In weight * activation * is an overloaded operator operating on Matrix<double>

Related back to your example data and using MathNet Numerics Arithmetics

let weights = [0.5;0.4;0.3]
let X = [[2;3;4];[7;3;2];[5;3;6]]

first the values for X need to be converted to float

let x1 = [[2.0;3.0;4.0];[7.0;3.0;2.0];[5.0;3;0;6;0]]

Now notice that x1 is a matrix and weights is a vector

so we can just multiply

 let wx1 = weights * x1

Since the way I validated the code was a bit more than most I will explain it so that you don't have doubts to its validity.

When working with Neural Networks and in particular mini-batches, the starting numbers for the weights and biases are random and the generation of the mini-batches is also done randomly.

I know the original Python code was valid and I was able to run it successfully and get the same results as indicated in the book, meaning that the initial successes were within a couple of percent of the book and the graphs of the success were the same.
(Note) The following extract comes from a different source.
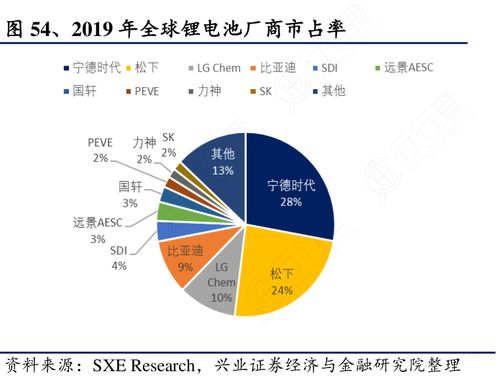 《辐射4》续篇揭秘：时间线重塑，新价值崛起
I did this for several runs and several configurations of the neural network as discussed in the book. Then I ran the F# code and achieved the same graphs.

I also copied the starting random number sets from the Python code into the F# code so that while the data generated was random, both the Python and F# code used the same starting numbers, of which there are thousands. I then single stepped both the Python and F# code to verify that each individual function was returning a comparable float value, e.g. I put a break point on each line and made sure I checked each one. This actually took a few days because I had to write export and import code and massage the data from Python to F#.

See: How to determine type of nested data structures in Python?

I also tried a variation where I replaced the F# list with Linked list, but found no increase in speed, e.g. LinkedList<Matrix<double>>. Was an interesting exercise.